Face the facts: there’s more than one way to make a stunning portrait. For your next work of art, ditch the acrylic and paint in buttercream. (Bonus: you get to eat it when you’re done!)

Portrait Cake

Level: Easy

What You Need

  • Photograph
  • Tracing paper
  • Marker
  • Needle
  • Toothpick
  • Round cake, baked and frosted
  • Piece of cardboard
  • Scissors
  • Piping bags
  • Small round piping tip
  • Open star piping tip
  • Buttercream, colored for features
  • Buttercream, colored for hair
  • Sprinkles (optional)
  • Instructions

    1. Bake and Frost

    To make a portrait cake, you need to have… cake. Choose your favorite recipe or try something new (a fun rainbow cake, anyone?) and bake in a round pan as instructed. Once it’s cooled, use an offset spatula to frost the cake in white buttercream — either Swiss meringue or simple American buttercream works great.

    2. Trace Your Portrait

    Now you’ve gotta pick your glam shot. Choose an up-close photo where you can easily recreate the facial features on a cake. It helps to enlarge an image on your computer and print it out. Then cover the picture with tracing paper, outline the face and trace the features.

    3. Poke Out the Details

    Cut the tracing paper along the outline and place it onto a piece of cardboard. Use a needle to poke holes along the facial features.

    4. Transfer to the Cake

    Lay the tracing paper on top of the cake. Once you find the position you want, trace around the cut-out with a toothpick.

    Then stick the toothpick through the holes you made in the previous step. Don’t press too deeply — you’re just making guidelines in the frosting, and you shouldn’t penetrate the cake itself.

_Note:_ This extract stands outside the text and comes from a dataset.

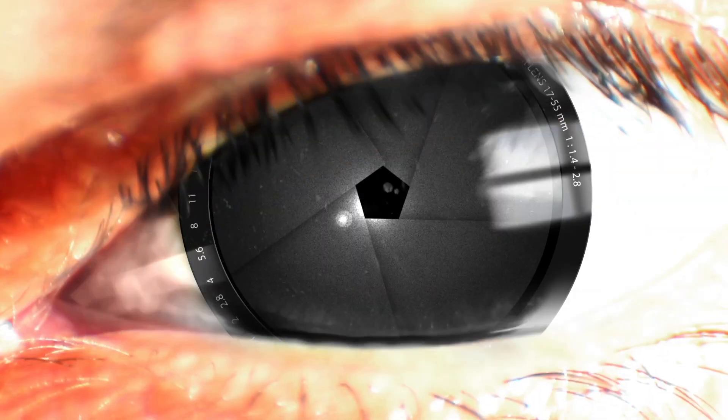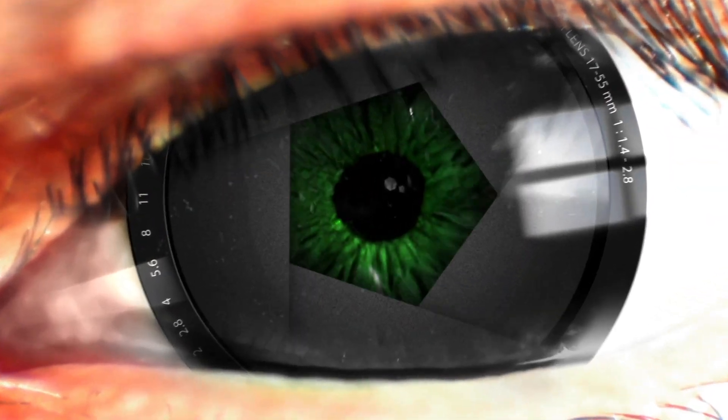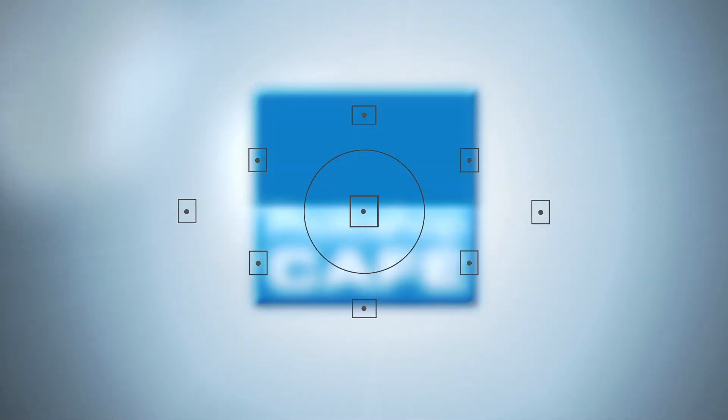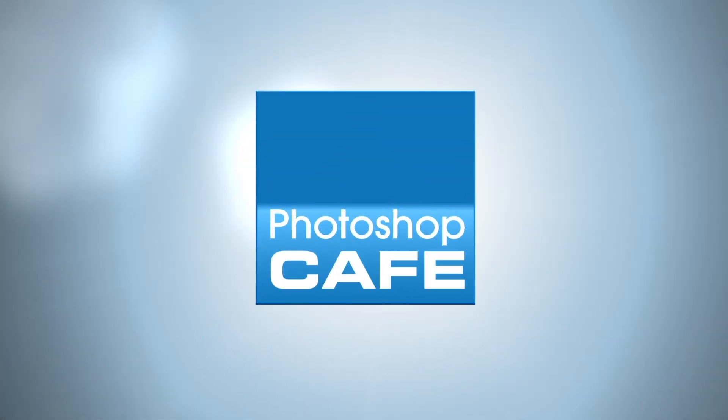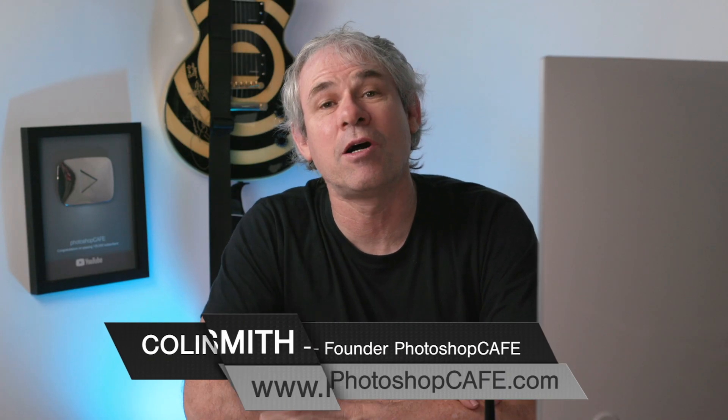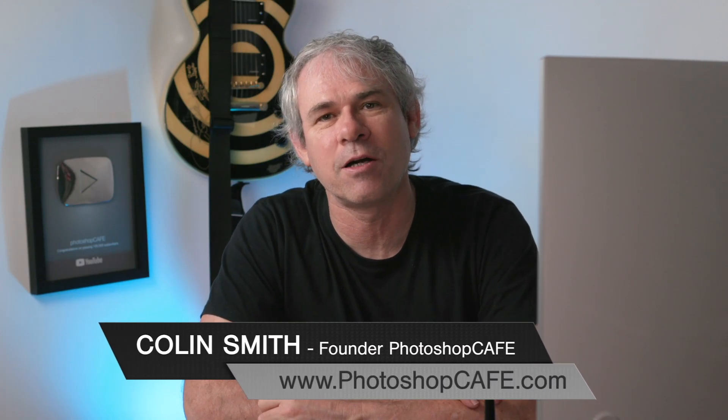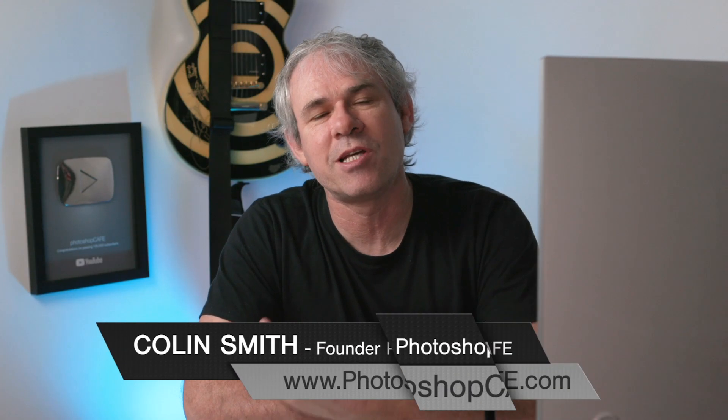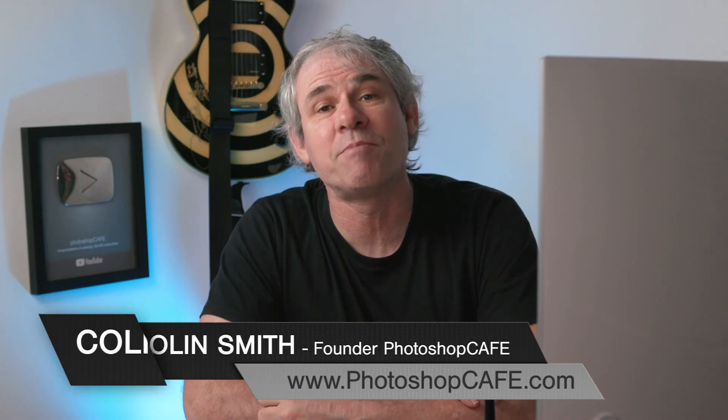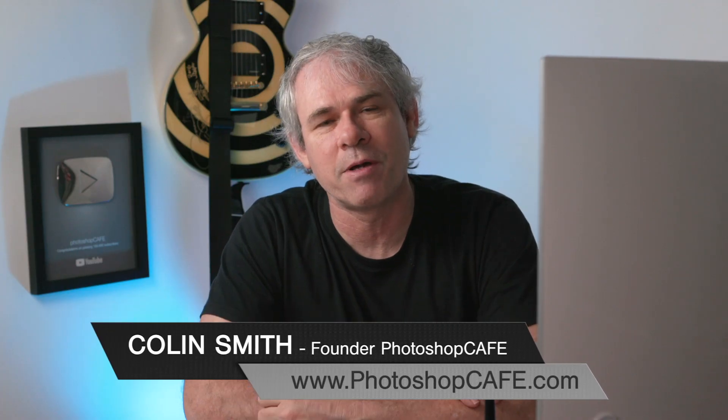In this simple video, I'm going to show you how to update Photoshop, what to do before you update Photoshop and if you should update Photoshop. Hey, Cafe Crew, it's Colin Smith here from PhotoshopCafe.com and today we're talking about updating Photoshop.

    Pro Tip: Work slowly during this step. The tracing paper can easily shift and slide as you work, which can distort your portrait.

    5. Pipe

    Color your buttercream to create a color for your portrait’s features. Once you have the perfect hue, spoon the buttercream into a piping bag fitted with a small round tip. Pipe along the lines and dots you made in the buttercream to draw the portrait.

    Pro Tip: Don’t pipe along the hairline — we’ll cover that area in the next step. Only use this color for the facial features and jawline.

    6. Add the Hair

    Now mix more buttercream to make your hair color. You can keep it simple, or add two different colors to a piping bag to give your portrait some fab highlights. Using an open star piping tip, create the hair. If your subject has long locks, continue piping over the edge of the cake and make it cascade down the sides.

    If you’re feeling it, add some sprinkles for accents. You can’t go wrong with flowers!